THE NILE
The Nile. A mythical river par excellence, it is the longest in the world and shares its Mediterranean soil with the Rhône, its immensity with the Amazon, and its status as a living tree with all the rivers in this series. But it is a strange, paradoxical tree: it grows, thickens, expands and then shrinks as it flows, in the lower part of its trunk, almost paradoxically. It is shaped more than any other by rain and heat, two factors that govern both plants and rivers.
Its crown is born in a world ruled by the monsoon: lakes, plateaus and powerful tributaries such as the White Nile spring forth in lush tropical landscapes. Further down, as the tree descends, the branches become thinner: the Blue Nile and the Red Nile, sometimes dry for part of the year, struggle to maintain their flow. Some disappear under the sand only to reappear with the rains: these are the wadis, the river's ghost branches. The Nile flows through areas where it hardly ever rains, but where life nevertheless depends entirely on it.
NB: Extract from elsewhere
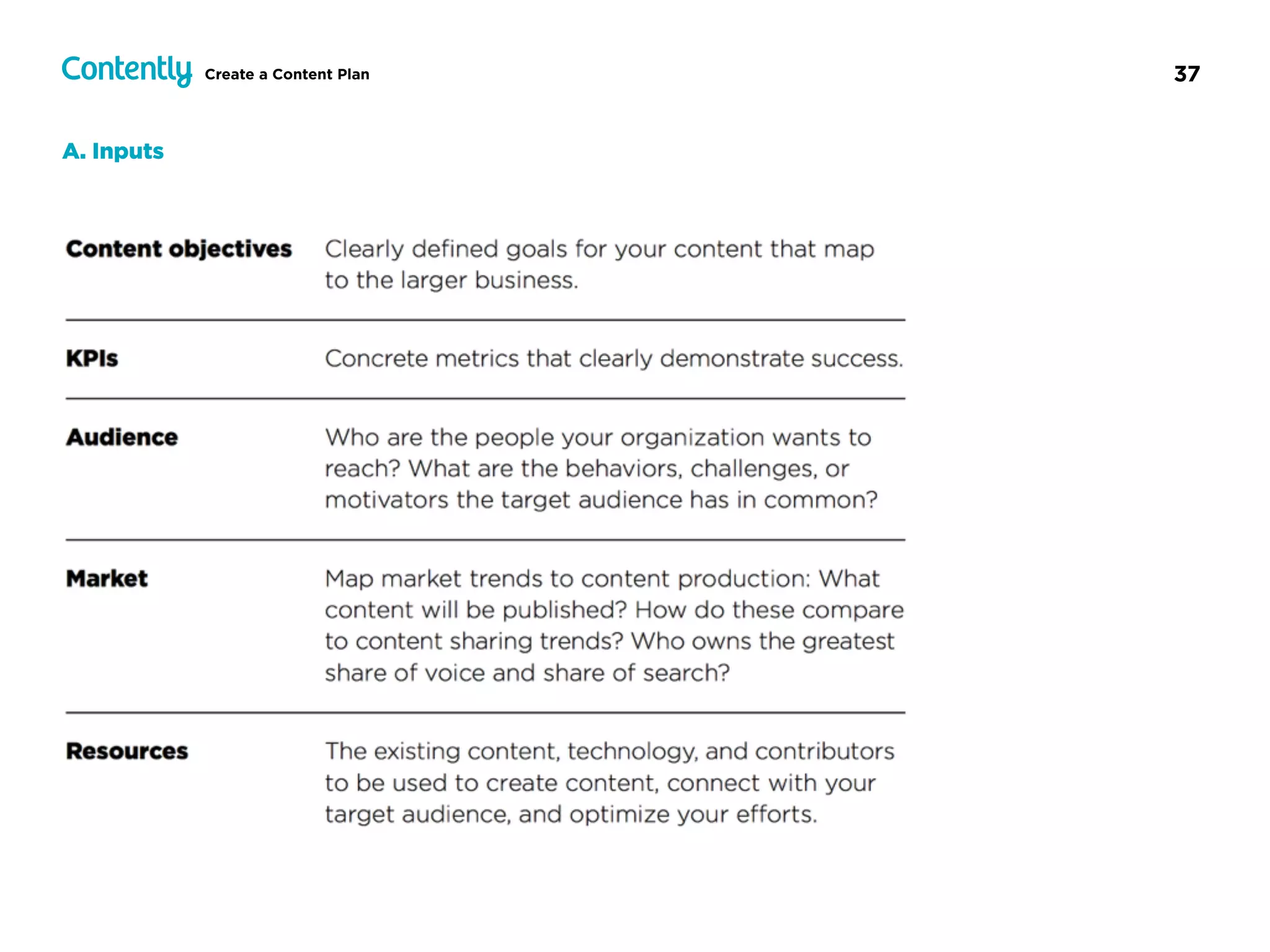 37Create a Content Plan
A. Inputs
Such is the moving beauty of that tree.
This contrast, this shifting line between humidity and aridity, is matched by another: that of languages and cultures. In the north, Arabic; in the south, Nilo-Saharan and Bantu languages. Once again, the Nile connects opposites.
Its shape is striking: a long, slender trunk, starting from Lake Victoria and its canopy of powerful tributaries, to the Egyptian delta, a broad and fragile root that sinks into the Mediterranean. Along the way, the trunk thins and loses its branches. It is a desert tree, adapted to drought, which reduces its activity during the dry season in order to survive. The Nile, too, beats like a heart, swelling during the rainy season and then ebbing away. This rhythm has shaped entire civilisations.
But humans messed with the tree. In 1970, the Aswan Dam put an end to seasonal flooding. The heartbeat of the Nile, so vital to the soil and crops, was stopped. Lake Nasser, a vast artificial sea, flooded the river's memory. Ancient Egypt lived to the rhythm of the Nile. East bank: life. West bank: the dead. Today, Islam and hydroelectric power have replaced the gods and sacred silt.
The Nile flows through 11 countries and feeds 257 million people — a shared, disputed, essential river. Who will keep the water, the root, the trunk or the treetop? Who will reap the fruits of the tree? The Nile is as much political as it is geographical. It is the lifeline of a region, as it always happens.
Which tree embodies this river? The date palm, no doubt. It is a tree of the desert, a source of food, its bare trunk rising towards a crown of leaves: like the Nile, it has a dry base and a lush top. It is a symbol of adaptation and continuity. A tree-river with deep roots and precious fruits, torn between abundance and tension.